Other products and services provided by ChoicePoint include the DNA identification of the victims of the Word Trade Center attacks on September 11 via its subsidiary, the Bode Technology Group (sold off by ChoicePoint in March), and SmartSearch, which performs "wildcard searches" that can construct a comprehensive personal profile in minutes, starting with only a first name or partial address. More controversially, ChoicePoint subsidiary Database Technologies (also known as DBT Online) was contracted to assemble a list of voters barred from voting by the state of Florida and was responsible for an alleged 57,700 people--primarily African-American and Hispanic Democrats--being incorrectly listed as felons during the U.S. elections of 2000. Other ChoicePoint divisions deliver all types of credential verification, employment-background screenings, drug testing, criminal records, motor-vehicle records, mortgage-asset research, tenant screening, database software, medical information, and services for the life- and health-insurance fields.

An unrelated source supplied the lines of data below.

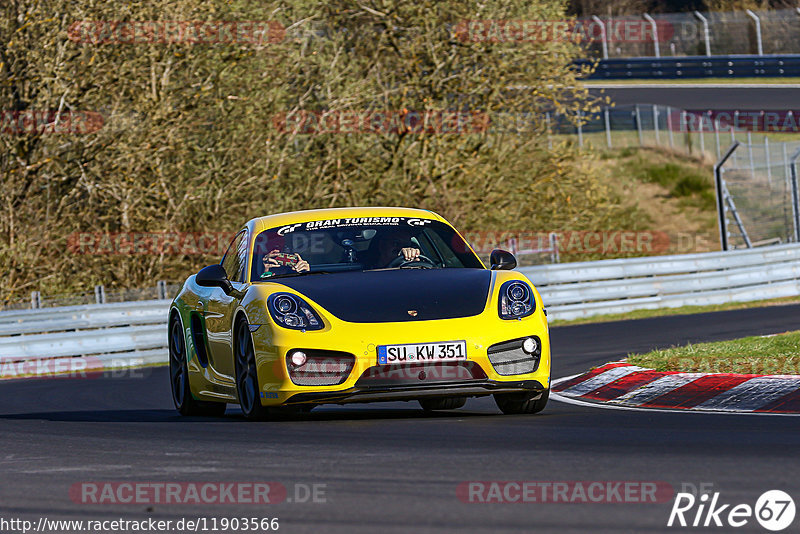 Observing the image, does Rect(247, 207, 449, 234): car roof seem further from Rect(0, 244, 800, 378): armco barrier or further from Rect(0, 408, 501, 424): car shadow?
Rect(0, 244, 800, 378): armco barrier

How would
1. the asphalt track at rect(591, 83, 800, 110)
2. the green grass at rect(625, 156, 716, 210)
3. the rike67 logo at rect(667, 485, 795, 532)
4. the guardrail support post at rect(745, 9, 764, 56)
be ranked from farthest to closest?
1. the guardrail support post at rect(745, 9, 764, 56)
2. the asphalt track at rect(591, 83, 800, 110)
3. the green grass at rect(625, 156, 716, 210)
4. the rike67 logo at rect(667, 485, 795, 532)

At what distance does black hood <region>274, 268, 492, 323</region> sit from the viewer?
8562 millimetres

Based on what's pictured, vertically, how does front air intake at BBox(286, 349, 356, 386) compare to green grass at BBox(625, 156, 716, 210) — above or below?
above

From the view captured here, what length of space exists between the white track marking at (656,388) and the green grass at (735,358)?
29cm

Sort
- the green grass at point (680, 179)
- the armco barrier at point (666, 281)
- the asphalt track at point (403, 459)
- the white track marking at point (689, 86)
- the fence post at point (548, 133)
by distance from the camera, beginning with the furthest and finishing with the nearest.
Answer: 1. the white track marking at point (689, 86)
2. the green grass at point (680, 179)
3. the fence post at point (548, 133)
4. the armco barrier at point (666, 281)
5. the asphalt track at point (403, 459)

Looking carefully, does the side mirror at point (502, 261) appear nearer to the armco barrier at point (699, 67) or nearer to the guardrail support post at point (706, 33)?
the armco barrier at point (699, 67)

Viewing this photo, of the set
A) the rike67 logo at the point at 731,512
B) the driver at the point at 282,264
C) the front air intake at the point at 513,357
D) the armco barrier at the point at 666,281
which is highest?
the driver at the point at 282,264

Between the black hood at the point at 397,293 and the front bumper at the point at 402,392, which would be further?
the black hood at the point at 397,293

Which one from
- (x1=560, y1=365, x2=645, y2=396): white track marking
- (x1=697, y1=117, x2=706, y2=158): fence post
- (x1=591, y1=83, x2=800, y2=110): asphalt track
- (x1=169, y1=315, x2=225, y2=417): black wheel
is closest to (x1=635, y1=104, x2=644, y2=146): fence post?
(x1=697, y1=117, x2=706, y2=158): fence post

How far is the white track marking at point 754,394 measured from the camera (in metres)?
8.76

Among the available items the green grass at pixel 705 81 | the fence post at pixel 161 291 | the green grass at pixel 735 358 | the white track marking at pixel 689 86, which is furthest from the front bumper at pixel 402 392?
the green grass at pixel 705 81

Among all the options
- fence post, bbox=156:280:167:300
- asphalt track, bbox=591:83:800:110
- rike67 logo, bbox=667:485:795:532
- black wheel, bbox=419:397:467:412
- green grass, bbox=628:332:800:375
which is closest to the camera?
rike67 logo, bbox=667:485:795:532

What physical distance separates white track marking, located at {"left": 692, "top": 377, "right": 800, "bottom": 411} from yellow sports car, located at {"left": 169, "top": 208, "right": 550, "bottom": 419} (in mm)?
1078

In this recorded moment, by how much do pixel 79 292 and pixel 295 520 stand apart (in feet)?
65.8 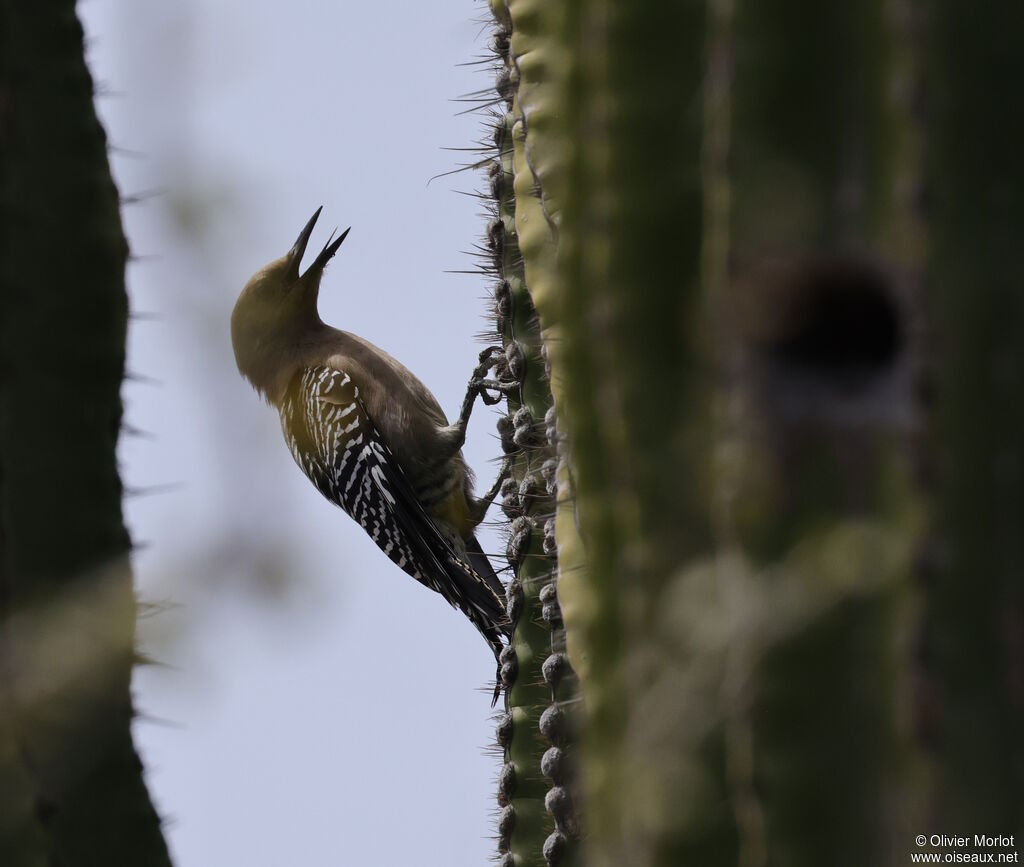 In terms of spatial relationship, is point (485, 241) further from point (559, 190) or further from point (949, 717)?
point (949, 717)

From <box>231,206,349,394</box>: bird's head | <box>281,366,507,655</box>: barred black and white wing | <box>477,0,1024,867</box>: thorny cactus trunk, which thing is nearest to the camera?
<box>477,0,1024,867</box>: thorny cactus trunk

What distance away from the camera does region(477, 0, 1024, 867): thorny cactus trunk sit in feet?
3.93

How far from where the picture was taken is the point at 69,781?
1.72m

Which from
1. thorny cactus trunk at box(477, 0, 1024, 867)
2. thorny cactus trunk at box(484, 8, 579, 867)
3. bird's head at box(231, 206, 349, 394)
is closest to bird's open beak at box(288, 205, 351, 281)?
bird's head at box(231, 206, 349, 394)

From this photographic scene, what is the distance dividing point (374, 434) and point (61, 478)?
362 cm

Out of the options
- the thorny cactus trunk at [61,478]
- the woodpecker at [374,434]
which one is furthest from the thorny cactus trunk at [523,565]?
the woodpecker at [374,434]

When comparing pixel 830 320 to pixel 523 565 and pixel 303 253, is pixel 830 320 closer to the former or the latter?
pixel 523 565

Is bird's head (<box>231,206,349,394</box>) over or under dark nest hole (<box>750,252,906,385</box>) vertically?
over

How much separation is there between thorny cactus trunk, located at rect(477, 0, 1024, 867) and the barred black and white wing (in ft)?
12.0

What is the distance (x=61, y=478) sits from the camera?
1.74 metres

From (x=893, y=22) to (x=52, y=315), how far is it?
1.19 metres

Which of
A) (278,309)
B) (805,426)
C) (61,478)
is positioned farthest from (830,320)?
(278,309)

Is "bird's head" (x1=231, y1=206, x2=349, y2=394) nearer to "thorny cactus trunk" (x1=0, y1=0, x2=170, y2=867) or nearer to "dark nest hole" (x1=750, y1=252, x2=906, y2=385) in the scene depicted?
"thorny cactus trunk" (x1=0, y1=0, x2=170, y2=867)

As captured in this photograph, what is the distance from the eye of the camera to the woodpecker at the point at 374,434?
529 cm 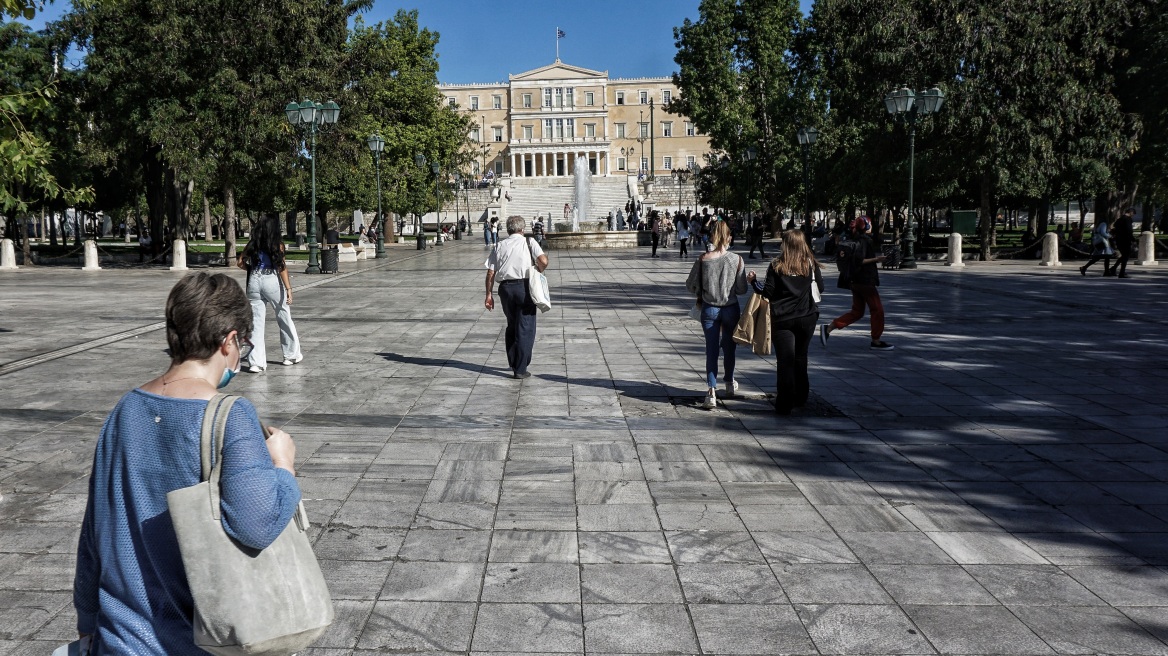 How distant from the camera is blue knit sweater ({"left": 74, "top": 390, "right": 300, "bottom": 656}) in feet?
6.97

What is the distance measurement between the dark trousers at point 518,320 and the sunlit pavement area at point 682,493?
25cm

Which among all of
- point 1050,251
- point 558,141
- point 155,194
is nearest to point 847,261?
point 1050,251

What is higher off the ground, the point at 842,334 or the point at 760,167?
the point at 760,167

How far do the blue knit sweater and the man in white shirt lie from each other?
7.56m

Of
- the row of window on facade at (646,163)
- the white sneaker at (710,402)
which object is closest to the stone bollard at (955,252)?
the white sneaker at (710,402)

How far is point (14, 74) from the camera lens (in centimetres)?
3241

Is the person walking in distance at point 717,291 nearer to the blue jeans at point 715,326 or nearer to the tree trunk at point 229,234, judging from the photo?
the blue jeans at point 715,326

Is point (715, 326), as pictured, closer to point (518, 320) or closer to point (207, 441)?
point (518, 320)

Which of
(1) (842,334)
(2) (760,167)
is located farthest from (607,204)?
(1) (842,334)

Would it be a good or bad thing, on balance, if the government were to farm out to ChoicePoint the administration of the watch lists in their entirety? Hendricks says, "I think it would overall be a very bad thing." In this, Hendricks echoes the general sentiment among privacy advocates. At the Big Brother Award ceremonies held annually by U.K.-based Privacy International, ChoicePoint has twice been a winner: in 2001, as "Greatest Corporate Invader" for "massive selling of records, accurate and inaccurate to cops, direct marketers and election officials," and again in 2005, as "Lifetime Menace Award" for its continuing efforts to build dossiers on individuals.

It's extraordinary, of course, that private corporations should have had the means to accumulate--and trade--more personal data on Americans than the U.S. government possesses. Moreover, limited avenues for rectification and reparation are available to citizens in the face of the sea of errors that exist in these corporations' databases. Nevertheless, in substantial measure, the privacy activists played no small part in bringing this extraordinary situation to pass, as we shall see in the second part of this article next week.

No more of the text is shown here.